● Required work
Retyping the records exactly, down to the last line, is the whole job.

[Short descriptive text snippets]
──────────────────────────────
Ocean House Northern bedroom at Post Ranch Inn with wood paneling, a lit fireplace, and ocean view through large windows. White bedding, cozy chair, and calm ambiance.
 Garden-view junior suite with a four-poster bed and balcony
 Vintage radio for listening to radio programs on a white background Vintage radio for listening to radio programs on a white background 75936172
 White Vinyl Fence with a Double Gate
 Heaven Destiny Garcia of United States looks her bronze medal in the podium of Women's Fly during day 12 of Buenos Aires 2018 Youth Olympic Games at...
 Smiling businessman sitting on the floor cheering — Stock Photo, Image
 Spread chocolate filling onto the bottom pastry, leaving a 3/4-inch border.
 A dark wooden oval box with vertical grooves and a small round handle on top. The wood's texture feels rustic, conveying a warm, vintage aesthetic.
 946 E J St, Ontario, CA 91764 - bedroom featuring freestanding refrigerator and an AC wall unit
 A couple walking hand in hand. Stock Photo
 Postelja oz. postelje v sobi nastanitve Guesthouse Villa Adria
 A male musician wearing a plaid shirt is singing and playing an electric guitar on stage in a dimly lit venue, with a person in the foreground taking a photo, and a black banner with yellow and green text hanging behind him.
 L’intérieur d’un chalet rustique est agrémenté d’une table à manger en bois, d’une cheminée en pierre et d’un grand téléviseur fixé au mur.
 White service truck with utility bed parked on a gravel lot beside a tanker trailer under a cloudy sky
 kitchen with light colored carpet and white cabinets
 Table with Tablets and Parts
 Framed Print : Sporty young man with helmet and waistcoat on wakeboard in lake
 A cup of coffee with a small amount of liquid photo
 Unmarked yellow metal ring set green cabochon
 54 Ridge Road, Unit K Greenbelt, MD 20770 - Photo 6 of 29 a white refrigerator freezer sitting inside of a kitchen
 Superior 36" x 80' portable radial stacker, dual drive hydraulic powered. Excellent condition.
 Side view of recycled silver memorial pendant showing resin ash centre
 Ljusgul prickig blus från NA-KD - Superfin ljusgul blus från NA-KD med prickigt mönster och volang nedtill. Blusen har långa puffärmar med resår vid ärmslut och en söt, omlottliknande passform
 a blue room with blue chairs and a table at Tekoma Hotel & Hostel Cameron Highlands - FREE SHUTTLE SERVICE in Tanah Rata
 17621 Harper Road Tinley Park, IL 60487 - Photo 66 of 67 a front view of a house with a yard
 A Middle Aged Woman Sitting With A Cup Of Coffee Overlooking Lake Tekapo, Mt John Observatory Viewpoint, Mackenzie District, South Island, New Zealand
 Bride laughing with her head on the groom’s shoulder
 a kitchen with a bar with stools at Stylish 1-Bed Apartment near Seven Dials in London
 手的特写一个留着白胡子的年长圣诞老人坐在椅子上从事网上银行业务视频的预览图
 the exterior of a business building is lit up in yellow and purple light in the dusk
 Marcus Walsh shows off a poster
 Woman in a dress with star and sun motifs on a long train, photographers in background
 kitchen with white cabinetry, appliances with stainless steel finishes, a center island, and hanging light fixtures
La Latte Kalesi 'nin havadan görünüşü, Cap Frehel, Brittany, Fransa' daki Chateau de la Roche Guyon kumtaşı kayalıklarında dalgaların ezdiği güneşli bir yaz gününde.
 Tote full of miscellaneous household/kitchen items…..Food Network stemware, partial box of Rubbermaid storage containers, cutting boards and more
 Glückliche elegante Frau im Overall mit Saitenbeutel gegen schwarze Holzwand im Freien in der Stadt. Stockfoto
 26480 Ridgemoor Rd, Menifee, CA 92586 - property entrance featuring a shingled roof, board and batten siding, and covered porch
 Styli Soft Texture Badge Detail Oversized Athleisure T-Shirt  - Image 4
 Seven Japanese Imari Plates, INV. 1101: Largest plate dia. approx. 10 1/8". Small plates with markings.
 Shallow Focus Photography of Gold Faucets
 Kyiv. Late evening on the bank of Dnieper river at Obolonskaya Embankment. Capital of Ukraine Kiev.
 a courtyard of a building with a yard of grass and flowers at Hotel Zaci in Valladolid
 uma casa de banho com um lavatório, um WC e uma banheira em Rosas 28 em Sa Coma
──────────────────────────────
● Final answer
Ocean House Northern bedroom at Post Ranch Inn with wood paneling, a lit fireplace, and ocean view through large windows. White bedding, cozy chair, and calm ambiance.
 Garden-view junior suite with a four-poster bed and balcony
 Vintage radio for listening to radio programs on a white background Vintage radio for listening to radio programs on a white background 75936172
 White Vinyl Fence with a Double Gate
 Heaven Destiny Garcia of United States looks her bronze medal in the podium of Women's Fly during day 12 of Buenos Aires 2018 Youth Olympic Games at...
 Smiling businessman sitting on the floor cheering — Stock Photo, Image
 Spread chocolate filling onto the bottom pastry, leaving a 3/4-inch border.
 A dark wooden oval box with vertical grooves and a small round handle on top. The wood's texture feels rustic, conveying a warm, vintage aesthetic.
 946 E J St, Ontario, CA 91764 - bedroom featuring freestanding refrigerator and an AC wall unit
 A couple walking hand in hand. Stock Photo
 Postelja oz. postelje v sobi nastanitve Guesthouse Villa Adria
 A male musician wearing a plaid shirt is singing and playing an electric guitar on stage in a dimly lit venue, with a person in the foreground taking a photo, and a black banner with yellow and green text hanging behind him.
 L’intérieur d’un chalet rustique est agrémenté d’une table à manger en bois, d’une cheminée en pierre et d’un grand téléviseur fixé au mur.
 White service truck with utility bed parked on a gravel lot beside a tanker trailer under a cloudy sky
 kitchen with light colored carpet and white cabinets
 Table with Tablets and Parts
 Framed Print : Sporty young man with helmet and waistcoat on wakeboard in lake
 A cup of coffee with a small amount of liquid photo
 Unmarked yellow metal ring set green cabochon
 54 Ridge Road, Unit K Greenbelt, MD 20770 - Photo 6 of 29 a white refrigerator freezer sitting inside of a kitchen
 Superior 36" x 80' portable radial stacker, dual drive hydraulic powered. Excellent condition.
 Side view of recycled silver memorial pendant showing resin ash centre
 Ljusgul prickig blus från NA-KD - Superfin ljusgul blus från NA-KD med prickigt mönster och volang nedtill. Blusen har långa puffärmar med resår vid ärmslut och en söt, omlottliknande passform
 a blue room with blue chairs and a table at Tekoma Hotel & Hostel Cameron Highlands - FREE SHUTTLE SERVICE in Tanah Rata
 17621 Harper Road Tinley Park, IL 60487 - Photo 66 of 67 a front view of a house with a yard
 A Middle Aged Woman Sitting With A Cup Of Coffee Overlooking Lake Tekapo, Mt John Observatory Viewpoint, Mackenzie District, South Island, New Zealand
 Bride laughing with her head on the groom’s shoulder
 a kitchen with a bar with stools at Stylish 1-Bed Apartment near Seven Dials in London
 手的特写一个留着白胡子的年长圣诞老人坐在椅子上从事网上银行业务视频的预览图
 the exterior of a business building is lit up in yellow and purple light in the dusk
 Marcus Walsh shows off a poster
 Woman in a dress with star and sun motifs on a long train, photographers in background
 kitchen with white cabinetry, appliances with stainless steel finishes, a center island, and hanging light fixtures
La Latte Kalesi 'nin havadan görünüşü, Cap Frehel, Brittany, Fransa' daki Chateau de la Roche Guyon kumtaşı kayalıklarında dalgaların ezdiği güneşli bir yaz gününde.
 Tote full of miscellaneous household/kitchen items…..Food Network stemware, partial box of Rubbermaid storage containers, cutting boards and more
 Glückliche elegante Frau im Overall mit Saitenbeutel gegen schwarze Holzwand im Freien in der Stadt. Stockfoto
 26480 Ridgemoor Rd, Menifee, CA 92586 - property entrance featuring a shingled roof, board and batten siding, and covered porch
 Styli Soft Texture Badge Detail Oversized Athleisure T-Shirt  - Image 4
 Seven Japanese Imari Plates, INV. 1101: Largest plate dia. approx. 10 1/8". Small plates with markings.
 Shallow Focus Photography of Gold Faucets
 Kyiv. Late evening on the bank of Dnieper river at Obolonskaya Embankment. Capital of Ukraine Kiev.
 a courtyard of a building with a yard of grass and flowers at Hotel Zaci in Valladolid
 uma casa de banho com um lavatório, um WC e uma banheira em Rosas 28 em Sa Coma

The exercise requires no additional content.